Recorded data: Begin

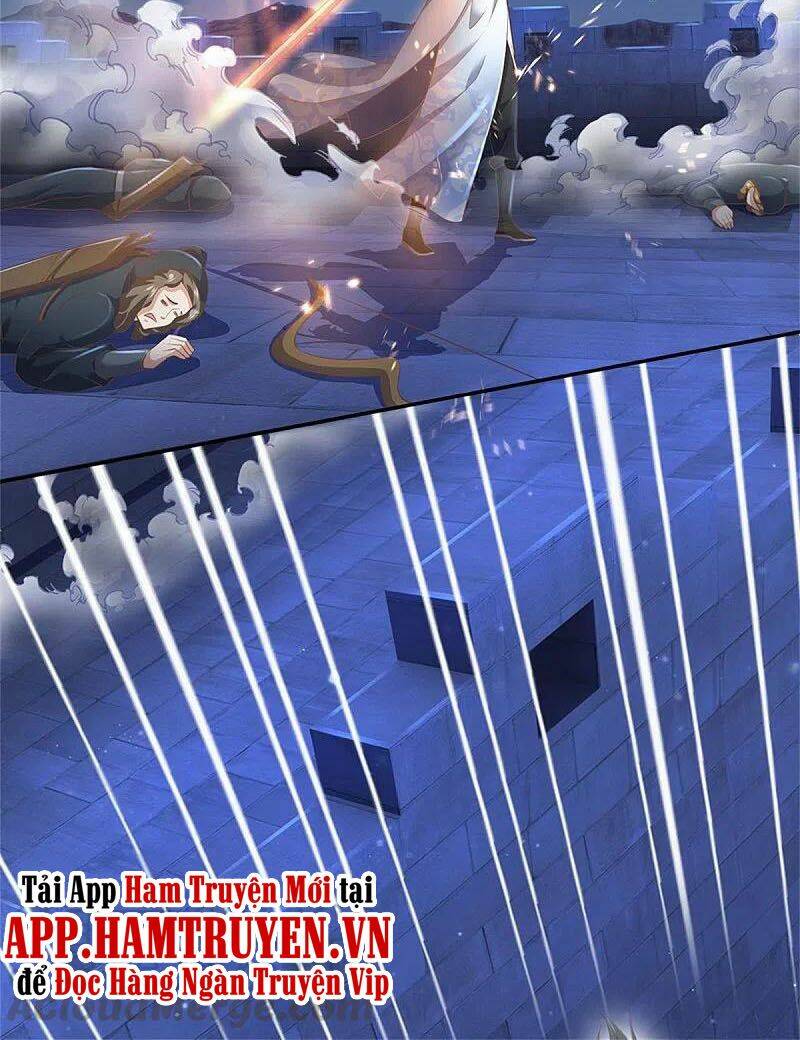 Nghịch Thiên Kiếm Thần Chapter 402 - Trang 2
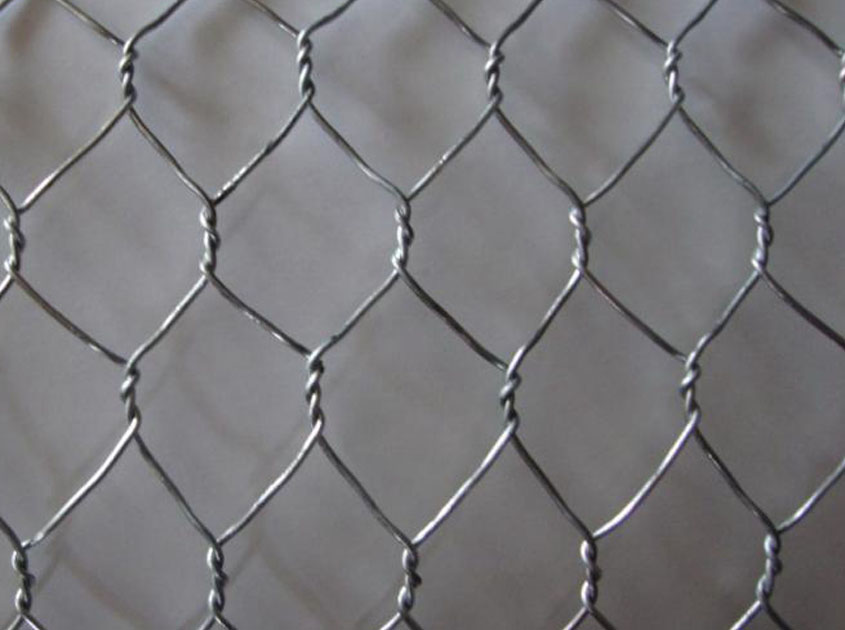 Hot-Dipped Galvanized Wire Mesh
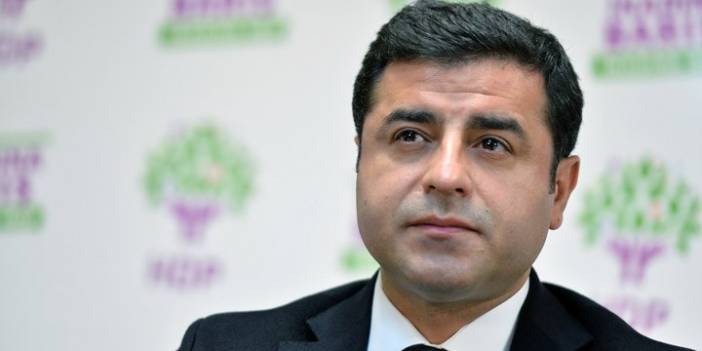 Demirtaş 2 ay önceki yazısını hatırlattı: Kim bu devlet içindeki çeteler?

Recorded data: End

__Problem description__. Leaving every picture out, repeat each line of the material exactly.

__Output of the task__.
 Nghịch Thiên Kiếm Thần Chapter 402 - Trang 2
 Hot-Dipped Galvanized Wire Mesh
 Demirtaş 2 ay önceki yazısını hatırlattı: Kim bu devlet içindeki çeteler?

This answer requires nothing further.